The Kingdom of God includes both His general sovereignty over the universe and His particular kingship over men who willfully acknowledge Him as King. Particularly, the Kingdom is the realm of salvation into which men enter by trusting, childlike commitment to Jesus Christ. Christians ought to pray and to labor that the Kingdom may come and God’s will be done on earth. The full consummation of the Kingdom awaits the return of Jesus Christ and the end of this age.
Gen. 1:1; Isa. 9:6-7; Jer. 23:5-6; Matt. 3:2; 4:8-10, 23, 12:25-28; 13:1-52; 25:31-46; 26:29; Mark 1:14-15; 9:1; Luke 4:43; 8:1; 9:2; 12:31-32; 17:20-21; 23:42; John 3:3; 18:36; Acts 1:6-7; 17:22-31; Rom. 5:17; 8:19; I Cor. 15:24-28; Col. 1:13; Rev. 1:9.

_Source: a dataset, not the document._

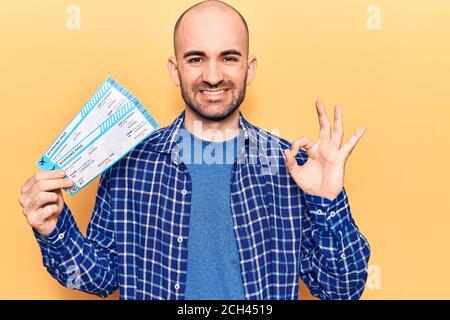 Giovane bel calvo uomo che tiene la carta d'imbarco della compagnia aerea facendo ok segno con le dita, sorridente amichevole gesturing simbolo eccellente Foto Stock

The second coming of Jesus Christ is the satisfying hope of the Christian. It is our satisfying hope that Jesus may come for His church at anytime.
Acts 1:11
We believe that there are two phases of His coming:
Jesus is coming in the air to receive His own. This is the rapture.
At His first coming, the dead in Christ will receive their resurrected bodies to meet the Lord in the air.
I Thess. 4:16; I Cor. 15:51-58; Phil. 3:20-21; I Cor. 15:42-44.
Then the saved who are alive at His coming will be changed in a moment and shall be caught up together with them to meet the Lord in the air and so shall they ever be with the Lord.
I Thess. 4:13-17; I Cor. 15:51-58; I John 3:2; Rev. 19:7-9; Rev. 22:20; Rev.22:7.
Jesus is coming back to earth with His own. This is the second coming.
At the second phase of His coming, Jesus will come back to earth with His saints.
Rev. 1:7; Isa. 66:15; Jude 14-15; II Thess. 1:7.
At this time, Jesus’ judgment will fall upon all nations. This is the battle of Armageddon.
Rev. 19:11-21; Rev. 16:14-16; Joel 3:12-14; Rev. 14:19-20; Zech. 14:1-3; Col. 3:4; Jude 14.
When the nations are destroyed, Jesus will set up His millennial reign for a thousand years.
Isa. 2:4; Isa. 11:6-10; Rev. 20:4-6; II Tim. 2:12; I Cor. 6:2-3; Matt. 24:31-32; Hab.2:14; I Cor. 15:24-26; Isa. 66:15; Jude 14-15; Rev. 1:7; II Thess. 1:7.
After the millennial kingdom, a new heaven and new earth will be made and saints will be forever more with the Lord.
Rev. 21:3-4.


The Scriptures clearly teach that Jesus rose from the dead. His grave was emptied of its bodily contents. He appeared to the disciples after His resurrection in many convincing manifestations. He now exists in His glorified body at God’s right hand. There will be a resurrection of the righteous and unrighteous. The bodies of the righteous will conform to the glorious spiritual body of Jesus.
Matt. 28:6, John 5:28-29, 20:9, Acts 24:15; I Cor. 15:1-58; II Cor. 5:1-8, I Thess. 4:17; Phil 3:21.
The unrighteous will be consigned to hell, the place of everlasting punishment. This is the Great White Throne judgment, occurring at the end of the thousand year reign.
Ps. 9:17, 55:15; Pr. 7:27; Is. 14:9-15; Ez. 31:16; Mt. 5:22, 10:28, 11:23; Mk. 9:43-44; Lk. 12:5, 16:23, II Pt. 2:4; Rev. 1:18, 20:11 – 15.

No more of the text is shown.